I. PENDAHULUAN
A. Latar Belakang Masalah Mengapresiasi sebuah novel dapat dilakukan melalui unsur intrinsik dan ekstrinsik. Unsur intrinsik novel adalah unsur-unsur yang berada di dalam novel dan secara langsung membangun cerita. Misalnya, peristiwa, cerita, plot, penokohan, tema, latar, sudut pandang penceritaan, bahasa atau gaya bahasa, dan lain-lain. Adapun unsur ekstrinsik novel adalah unsur-unsur yang berada di luar novel tetapi secara langsung mempengaruhi bangunan novel. Unsur ekstrinsik ini berupa nilai-nilai yang berlaku dalam kehidupan manusia. Misalnya, psikologi, ekonomi, politik, sosial, dan lain-lain.
Terkait dengan latar sebagai salah satu unsur intrinsik novel, latar atau setting disebut juga sebagai landas tumpu, menyaran pada pengertian tempat, hubungan waktu, dan lingkungan sosial tempat terjadinya peristiwa-peristiwa yang diceritakan. Latar sebagai salah satu unsur pembangun novel juga dapat digunakan untuk mengkaji dan menganalisis keterjalinannya dengan unsurunsur pembangun lainnya.

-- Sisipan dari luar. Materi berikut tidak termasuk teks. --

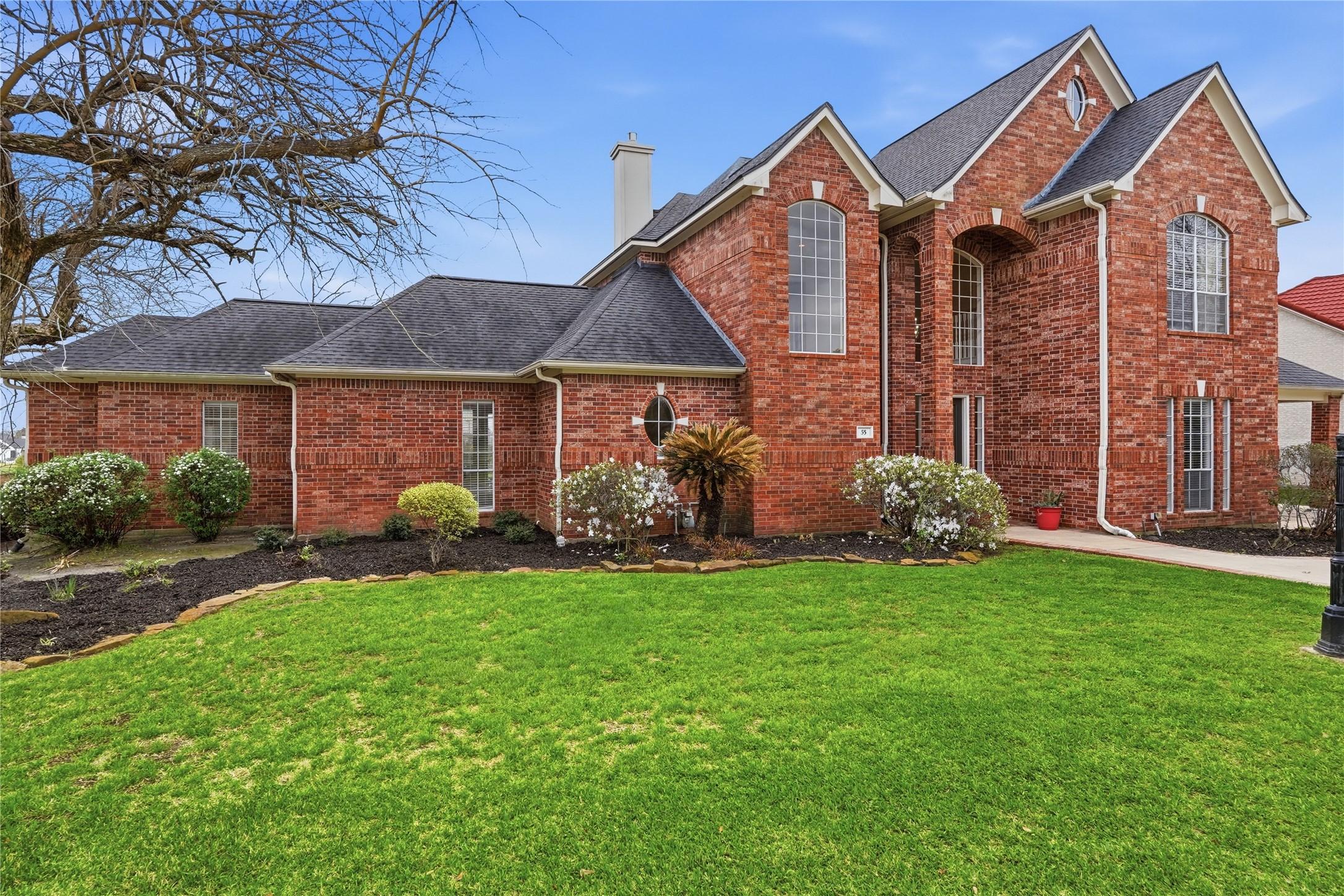 Image 2: This elegant two-story brick home features large a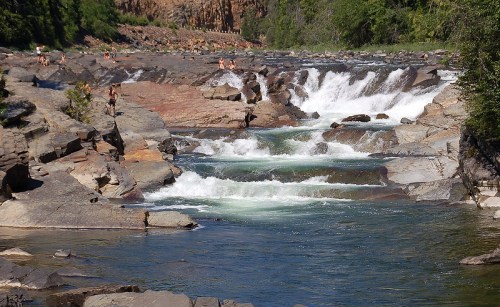 A scenic river with cascading waterfalls surrounded by rocky terrain and lush greenery, with people enjoying the area.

Jika novel itu merupakan sebuah karya yang berhasil, latarnya pasti terjalin secara harmonis dan saling melengkapi dengan berbagai unsur yang lain, termasuk dengan unsur penokohan.
Latar bersama dengan tokoh dan plot termasuk ke dalam fakta (cerita), sebab ketiga hal inilah yang akan dihadapi dan dapat diimajinasi oleh pembaca secara faktual jika membaca cerita fiksi.
Latar yang mendapat penekan, yang dilengkapi dengan sifat-sifat khasnya, akan sangat mempengaruhi penokohan dan keseluruhan cerita. Perbedaan latar, baik yang menyangkut hubungan tempat, waktu, maupun sosial, menuntut adanya perbedaan pengaluran dan penokohan. Penokohan memang tak hanya ditentukan oleh latar, namun setidaknya peranan latar harus dipertimbangkan. Jika terjadi ketidakseimbangan antara latar dengan penokohan, cerita menjadi kurang wajar, kurang meyakinkan. Pembaca yang kritis, barangkali akan menganggap hal semacam ini sebagai kelemahan karya fiksi yang bersangkutan (Nurgiantoro, 2007:225-226).
Tokoh-tokoh cerita tidak akan hadir begitu saja kepada pembaca. Mereka memerlukan sarana yang memungkinkan kehadirannya. Sebagai novel yang bersifat menyeluruh dan padu serta memiliki tujuan artistik, kehadiran dan penghadiran tokoh-tokoh cerita haruslah juga dipertimbangkan dan tak lepas dari tujuan tersebut. Masalah penokohan dalam sebuah novel tak semata-mata hanya berhubungan dengan masalah pemilihan jenis dan perwatakan para tokoh cerita saja, melainkan juga bagaimana melukiskan kehadiran dan penghadirannya secara tepat sehingga mampu menciptakan dan mendukung tujuan artistik karya yang bersangkutan. Sarana yang dapat menunjang pelukisan kehadiran dan penghadiran penokohan adalah latar.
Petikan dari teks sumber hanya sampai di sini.